Corriere del Veneto (Padova e Rovigo)
«Con noi grandi risultati, poi si è solo perso tempo Errori pure da Zaia»
«È stato perso un anno è mezzo. Peccato. Ora si deve ricominciare da dove eravamo rimasti col governo Gentiloni».
Gianclaudio Bressa, senatore di origine bellunese eletto col Pd a Bolzano, vicino alla Südtiroler Volkspartei, è l’uomo che nel 2000 ha scritto, nell’ambito la riforma del Titolo V, l’articolo 116 e che nel 2018, da sottosegretario agli Affari regionali, firmò con il governatore Luca Zaia la pre-intesa quadro che resta, a tutt’oggi, l’unico atto formale sottoscritto dalla nostra Regione in tema di autonomia.
Bressa, oggi è il secondo anniversario del referendum. Il Veneto ci arriva senza aver ottenuto nulla.
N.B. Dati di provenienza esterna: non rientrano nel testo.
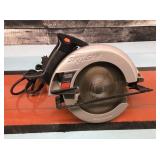7-1/4 Skilsaw - runs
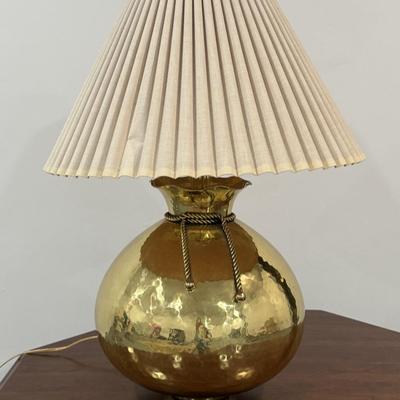 Very cool vintage brass rope lamp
«Fin tanto che ho avuto delle responsabilità le ho esercitate e ho avviato la procedura per attuare il terzo comma dell’articolo 116. Poi si è affermata un’altra maggioranza, è cambiato il governo e si è fermato tutto: questo è un fatto».
Il ministro Stefani, in realtà, si è data molto da fare.
«Ma seguendo una strada totalmente sbagliata, che difatti ci ha condotti ad un vicolo cieco».
In che senso?
«Il risultato che avevamo raggiunto a febbraio 2018 era molto importante, stabiliva un percorso all’insegna dell’equilibrio e della responsabilità condiviso da Zaia che difatti firmò. Bastava proseguire lungo quella via e invece proprio Zaia ha preferito deviare, con i risultati sotto gli occhi di tutti».
A che si riferisce?
«Avendo un governo “amico” e un ministro leghista e veneto agli Affari regionali si era convinto di poter rilanciare, chiedendo tutte le 23 materie previste dalla Costituzione. Ma chiedere tutto significa non volere nulla: l’articolo 116 è un terreno incognito che va esplorato con giudizio. Per questo nella pre-intesa ci eravamo fermati a 5 materie».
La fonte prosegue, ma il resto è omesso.